Il  est  courant de rechercher  le mode  de  réforme de la pensée  religieuse  surtout au lendemain  des évolutions effectuées au  cours de ces dernières décennies  où  nous sommes passés du  « fondamentalisme religieux »  extrémiste à  différents niveaux  de violence qui  ont  atteint le soi-disant « ennemi  proche » dans les pays du  monde  musulman et également le surnommé « ennemi  lointain »  dans le reste   des pays  du  monde. Il n’  y a plus ce qu’on  nommait autrefois Dar-al-Islam et Dar-al  Harb et le monde est  devenu  le théâtre d’une guerre  sanglante. La question  est sans  nulle doute épineuse  et complexe.  Néanmoins,  elle est liée en  partie à la nature  même de la pensée  religieuse qui pousse l’homme à  tuer son  frère ,  à l’immoler, à le mutiler  et  à exécuter des opérations kamikazes. Nous ne nous soucions pas  du côté sécuritaire mais plutôt religieux : les institutions religieuses ont-elles accompli  leur devoir par l’explication de la signification profonde  de la religion  modérée. De ma part, j’apprécie le rôle accompli-  déjà  et toujours- par les institutions d’Al-Azhar  et les waqfs  dans le cadre d’une structure  institutionnelle  crée depuis mille ans.
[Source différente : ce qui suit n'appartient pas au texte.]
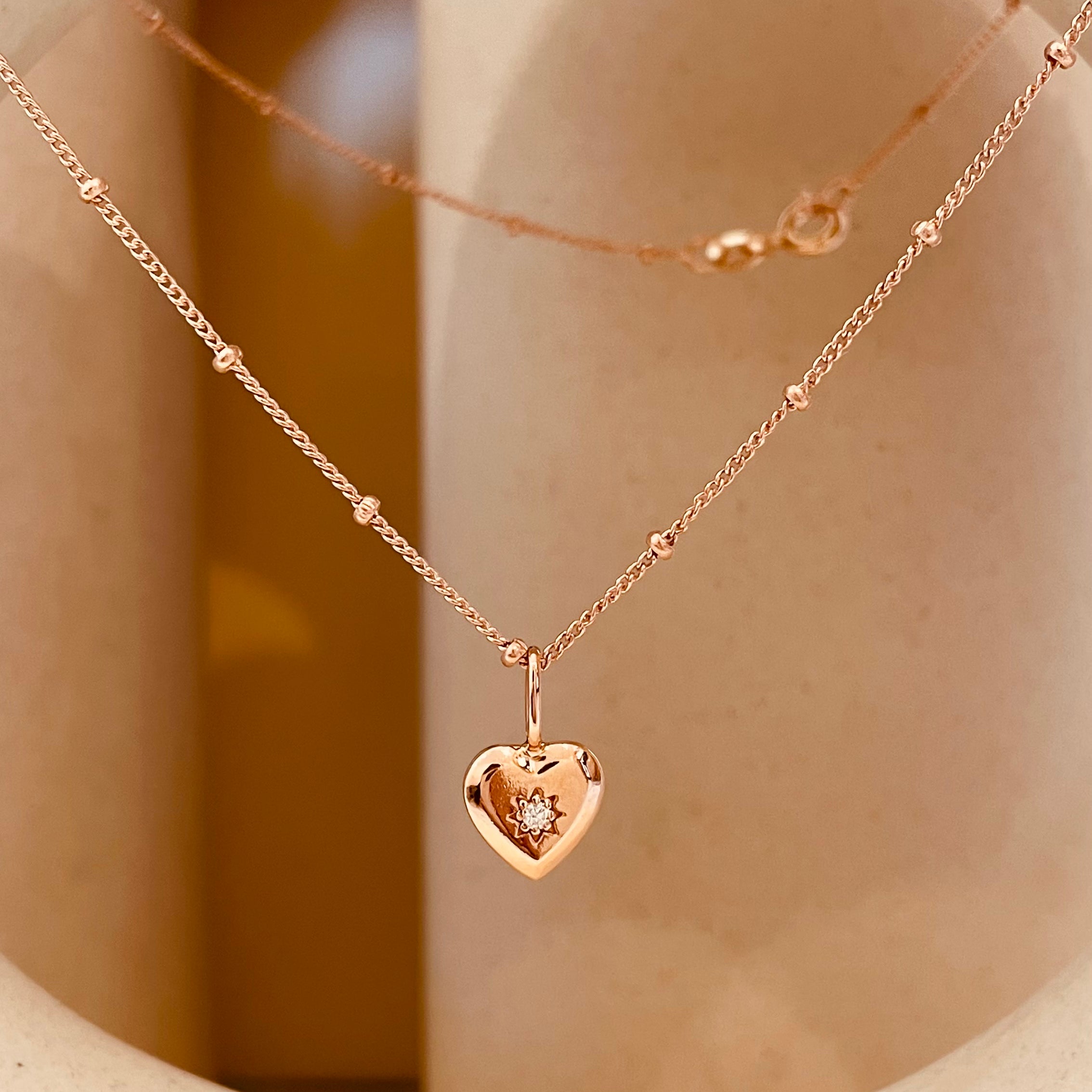 Vintage Heart Satellite Necklace with Satellite Chain - Octonov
Ce qui importe  à vrai  dire c’est que le renouveau-  civil est-il ou  religieux- doive  se produire non  seulement  pour lutter contre le terrorisme. l’extrémisme,  le racisme  ou l’immoralité mais pour élever les capacités de l’Egyptien à penser à  toutes les choses  changeantes de la vie  pour réaliser le progrès  qui représente une grande valeur digne de réflexion  et  d’action. La « réforme de la pensée religieuse »  ne s’effectue pas  par le traitement des fondements religieux mais également par la présentation  d’une pensée civile  qui  ne se contente pas de critiquer la pensée religieuse, de dénigrer la sorcellerie populaire ou salifie ou  mépriser des rites civils arriérés ou  de procéder  à  des comparaisons  avec un monde civilisé pour  nous placer  au  bas de l’échelle  du  point de vue  valeur et  mœurs. C’est  courageux de le  faire sans nul  doute. Mais, de telles démarches n’aboutissent pas au changement  de la société  mais uniquement  à  sa stratification et à  la répartition de sa population  en  différents groupes sociaux différenciés et  hiérarchisés : des riches,  des laissés pour  compte, des avancées et des arriérées, des classes  et  des strates à ne pas en  finir.